De la Parra distinguished between what he referred to as ‘domain specific’ and “domain agnostic” tools. He noted that the domain specific tools had great value within their specific silo. But the real value, de la Parra said, comes from adding a domain agnostic approach because it can take feeds from all the tools running in silos and produce a single data source. “This becomes the single source of truth for the analytics and to provide evidence on the root cause to the stakeholders,” said de la Parra.

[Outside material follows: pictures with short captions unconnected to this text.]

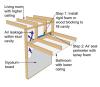 Rigid foam or wood blocking can be installed and sealed as shown to prevent airflow through the wall cavities between two rooms of different ceiling heights.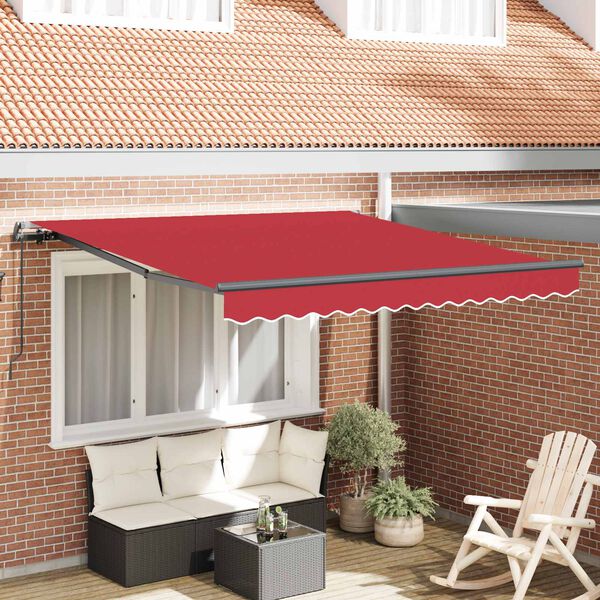vidaXL Toldo Retr&aacute;ctil Manual Rojo 300 x 250 cm Poli&eacute;ster y Acero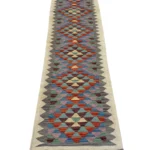 Tappeto passatoia geometrico multicolore 197x59 cm - Stile moderno e artigianale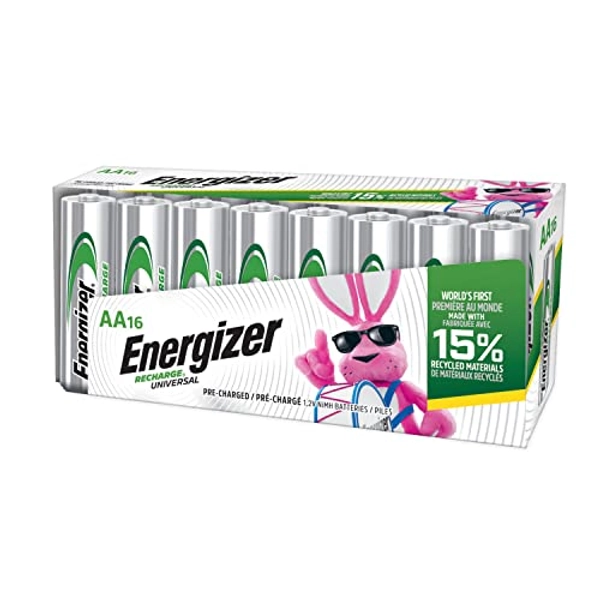 Energizer Rechargeable AA Batteries, Recharge Universal Double A Battery Pre-Charged, 16 Count - 16 Count (Pack of 1)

How to set up AIOps for success
Successful implementation starts with an operational assessment to identify current problems related to the organization’s business needs. From that, key performance indicators (KPIs) should be established to measure progress. Benchmarking where you are today, looking for real problems and developing measurable KPIs are at the heart of finding and proving the value of AIOps.
For example, de la Parra suggested that organizations could examine their efficiency by tracking the volume of major incidents relative to their applications, or the mean time to detect, acknowledge and resolve incidents. Value could be measured by looking at how much manual work is eliminated, or reductions in the number of issues reported by users.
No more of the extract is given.